IT was the picture on the side of a can of La Gina diced tomatoes that piqued my interest.
It showed the brand’s founder, Carlo Valmorbida, racing somewhere in Italy, probably soon after the end of WWII — at the wheel of what looks like a circa 1947 Fiat 1100 S.
And after saying he had a zest for life, that’s where the motorsport bit stopped, the label going on to say he had a passion for fine Italian produce.
Some research shows he competed in the 1949 Mille Miglia in a Fiat 1100 L4 with co-driver Sugliech, but did not finish the tortuous event.
However, his home town, Valli del Pasubio, tucked high up in the northern Vicenza province, didn’t offer much scope for his car and produce passions, so in December, 1949, he migrated to Australia — – one road there goes through 52 tunnels.
Apparently he planned to make a dollar or two in Melbourne so he could buy a racing car.
But after working at Astor Radio Corporation and later in sales for MacRobertson’s Chocolates, Carlo and his his brothers Mariano and Saverio bought Agostino’s specialty food and wine store in Melbourne’s Swanston Street in 1951.
They then imported a variety of Mediterranean-style products including small goods and tomato products and the business, called Conga Foods, thrived.
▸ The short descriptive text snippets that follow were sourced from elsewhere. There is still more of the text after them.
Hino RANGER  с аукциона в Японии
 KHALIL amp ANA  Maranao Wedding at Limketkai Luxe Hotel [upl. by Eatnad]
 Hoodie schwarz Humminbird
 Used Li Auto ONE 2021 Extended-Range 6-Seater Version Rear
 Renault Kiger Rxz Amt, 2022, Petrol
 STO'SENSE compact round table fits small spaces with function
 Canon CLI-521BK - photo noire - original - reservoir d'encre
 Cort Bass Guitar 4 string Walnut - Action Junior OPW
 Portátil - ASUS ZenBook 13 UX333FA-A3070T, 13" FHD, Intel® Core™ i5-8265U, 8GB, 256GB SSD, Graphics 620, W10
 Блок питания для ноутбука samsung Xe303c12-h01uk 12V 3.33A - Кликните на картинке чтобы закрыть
Then they fired up Valcorp Fine Foods (think La Zuppa soup, La Bella cat beer and La Gina canned vegetables) and the company steadily grew to include Victoria’s Mitchelton winery and the Il Globo and La Fiamma newspapers.
Apart from the Italian foods, the group also imports Santamaria sardines from Portugal, olives from Spain and Greece, Tex Mex products from the US and Samoa coconut cream.
Other brands include Moro, Sole Mare, Val Verde, Green Valley, Saclà, Zanetti, Latteria Soresina, Squeaky Gate and dc Specialty Coffee Roasters.
“The important thing about Conga is that we’re not just an importing company,” the Conga family website says.
“Anything we can produce in Australia to European quality for comparable cost we will produce here.”
Carlo, meanwhile, met his future wife Elsie in Melbourne.
They had three children — John, Paul and Luisa — who, with their own kids, run the show these days.
Carlo died in 2010, aged 86.
He would have died a happy man, knowing he had come from a tiny village (current population 2500) and built up a massively successful food empire in Australia.